**Problem description:**
Having located "Sparkling Cherry Purple", write out its line and the remaining lines of the material exactly, the last one included, but not the pictures.

**Data for the task:**

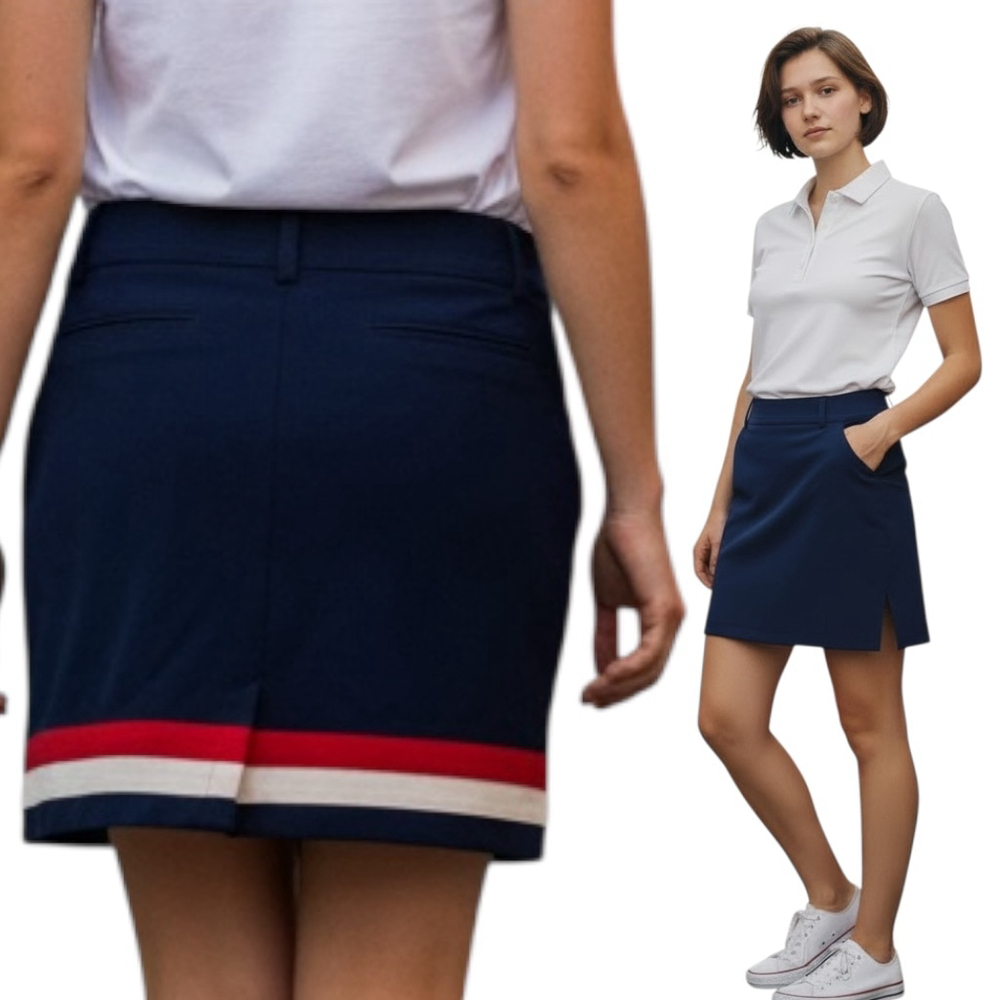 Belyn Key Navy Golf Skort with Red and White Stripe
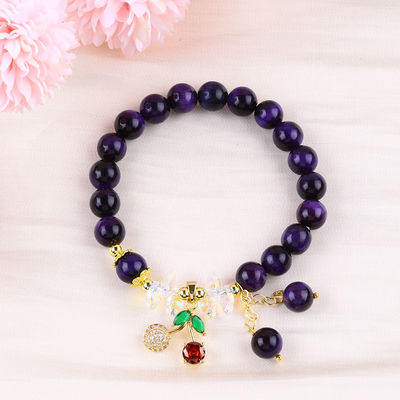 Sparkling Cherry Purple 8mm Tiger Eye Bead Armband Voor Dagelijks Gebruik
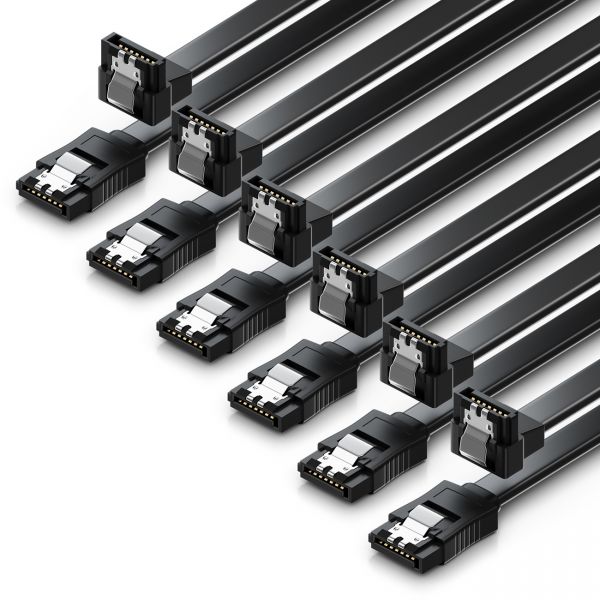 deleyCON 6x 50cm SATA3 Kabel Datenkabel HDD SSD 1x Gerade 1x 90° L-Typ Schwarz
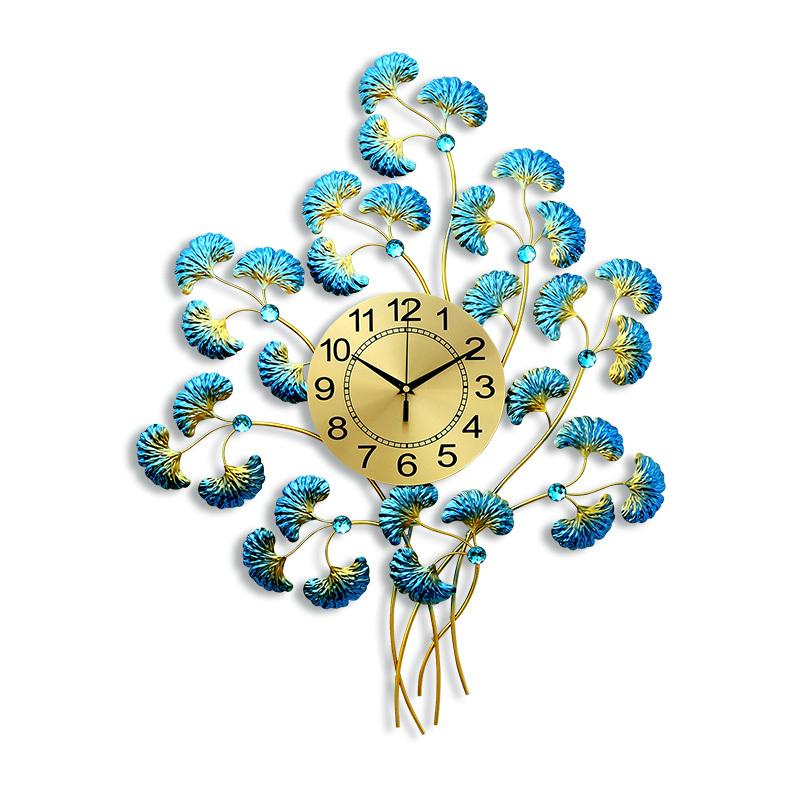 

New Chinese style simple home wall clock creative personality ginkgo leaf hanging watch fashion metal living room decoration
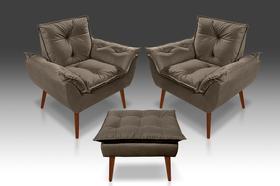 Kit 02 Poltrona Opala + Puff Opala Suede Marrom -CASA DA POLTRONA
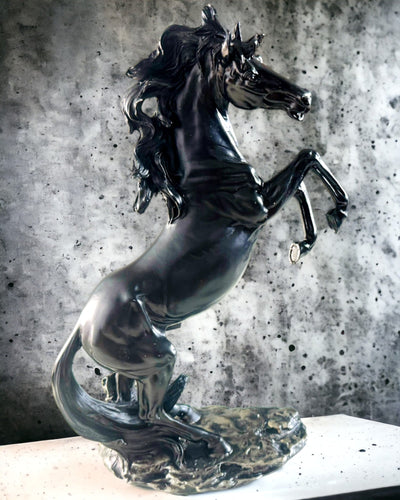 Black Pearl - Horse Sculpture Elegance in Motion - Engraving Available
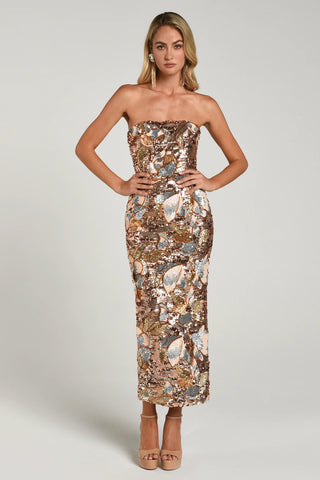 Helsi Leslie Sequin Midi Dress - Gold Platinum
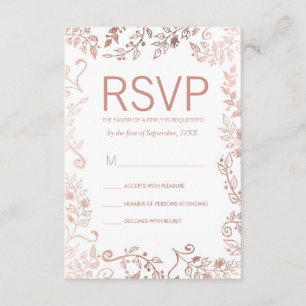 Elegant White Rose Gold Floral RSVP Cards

**Task solution:**
 Sparkling Cherry Purple 8mm Tiger Eye Bead Armband Voor Dagelijks Gebruik
 deleyCON 6x 50cm SATA3 Kabel Datenkabel HDD SSD 1x Gerade 1x 90° L-Typ Schwarz

New Chinese style simple home wall clock creative personality ginkgo leaf hanging watch fashion metal living room decoration
 Kit 02 Poltrona Opala + Puff Opala Suede Marrom -CASA DA POLTRONA
 Black Pearl - Horse Sculpture Elegance in Motion - Engraving Available
 Helsi Leslie Sequin Midi Dress - Gold Platinum
 Elegant White Rose Gold Floral RSVP Cards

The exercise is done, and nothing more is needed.